So far, Democratic political leaders have repeated those statistics as if that in itself will carry the day. In so doing, they are repeating a mistake made by Joe Biden when he asked people to focus on economic statistics that showed declines in the rate of inflation rather than their lived reality.

Unfortunately, the statistics matter much less than the fear of crime. That fear is a real problem, and Democrats need to acknowledge and respond to it.

Let's start with the District of Columbia. A Washington Post-Schar School poll conducted in mid-August found that 31% of Washingtonians said crime was an "'extremely serious' or a 'very serious'" problem in the District. Last year, the same poll found that number to be 65%. Some of this decline can be attributed to the fact that residents of the city overwhelmingly oppose what the president has done and don't want to be seen as lending it legitimacy.

But however you measure it, fear of crime is not just a District of Columbia problem.

In New York City, 75% of residents say that crime is a serious problem. As an essay posted on Vital City puts it: "Whatever crime statistics show, most of us are worried that it could happen to us. That feeling is nebulous and hard to overcome ... We the people say crime is a serious problem, and most of us will continue, for now, to look over our shoulders and worry when someone we love leaves home."

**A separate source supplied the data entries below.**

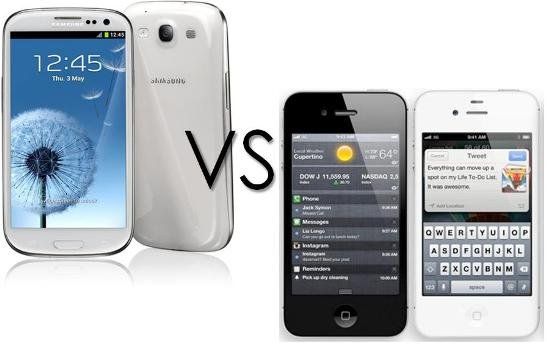 Galaxy-S3-vs-iPhone-4S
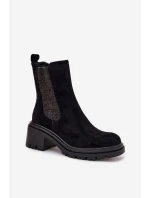 Topánky Jodhpur model 216843 Krok vo veľkom štýle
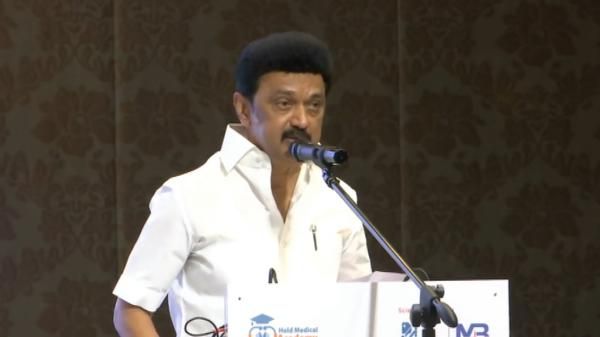 சுறுசுறுப்பாக பணியாற்ற மருத்துவத்துறை காரணம்.. டென்ஷன் குறைந்துவிட்டது.. மு.க.ஸ்டாலின் நெகிழ்ச்சி!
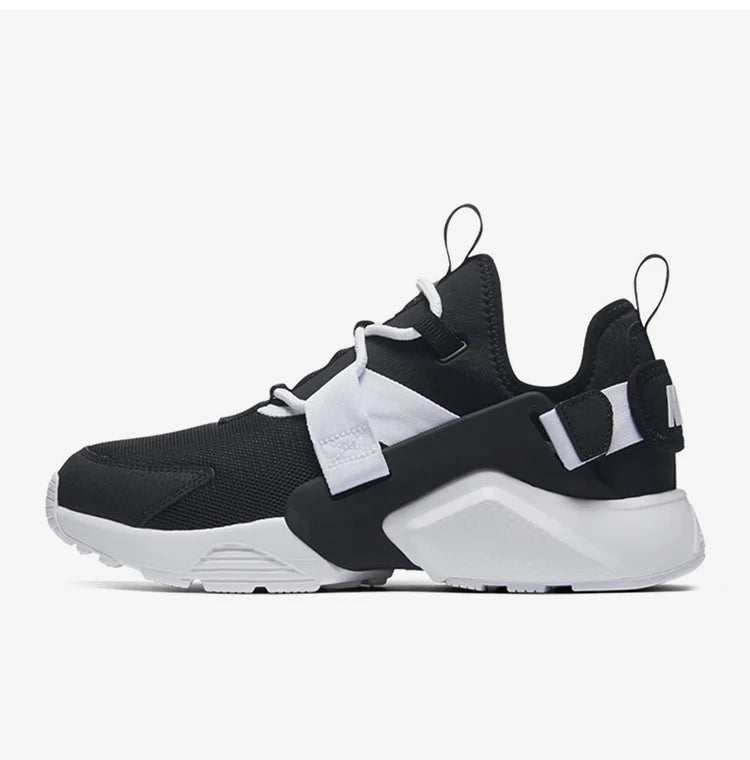 Nike Genuine AIR HUARACHE CITY LOW Sneakers casual estive da donna AH6804-002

National surveys suggest that "Americans' fear of crime is at a 30-year high". Other survey evidence highlights the fact that "73% say crime has 'some' or 'major' impact on how they live their lives". Among Black and Hispanic Americans, that number is even higher.

Not surprisingly, many Americans now favor long prison sentences for convicted criminals.

Explanations vary for the paradox that as crime rates fall, fear of crime persists.

Crime stories often dominate local news coverage, and the more gruesome the crime, the greater the coverage. That is why fear of crime is driven not by a dispassionate examination of data but by the power of individual stories of victimization.

That pattern is intensified by social media. Studies have shown that social media usage stokes crime fear.

Demographics also matter. Crime fears are greater among older people, and, as the population ages, those fears increase.

Fear of crime is also associated with a generalized sense of disorderliness in our communities and the world. And, as the economist and criminal justice scholar John Roman argues, because "our collective tolerance for disorder is declining", our fear of crime is increasing.

Of course, it doesn't help that Trump uses the bully pulpit and his public visibility to emphasize and exaggerate the crime problem as part of his authoritarian project. But blaming Trump for the fear of crime problem is not any more of a winning political strategy than reciting the latest data on falling crime rates.

Democrats can't and shouldn't run away from either the crime problem or the fear of crime problem. They will have no credibility in offering responses to the former until they establish credibility on the latter.

They would be well-advised to tackle the fear problem openly and to embrace responses like investing in programs that repair public spaces and revitalize neighborhoods while also being clear that people who fear crime have reason to want to see more police on the street.

Trump knows the potency of the fear of crime problem. That's why he boasted that after his deployment of national guard in Washington, DC, "People are feeling safe already ... They're not afraid any more."

But we don't need the national guard to do what local police can do when they are well-trained, responsive to the needs of all communities and well-resourced. The best long-term response to the president's agenda for American cities is to make sure that the people who live there have more confidence in their safety and less fear of crime.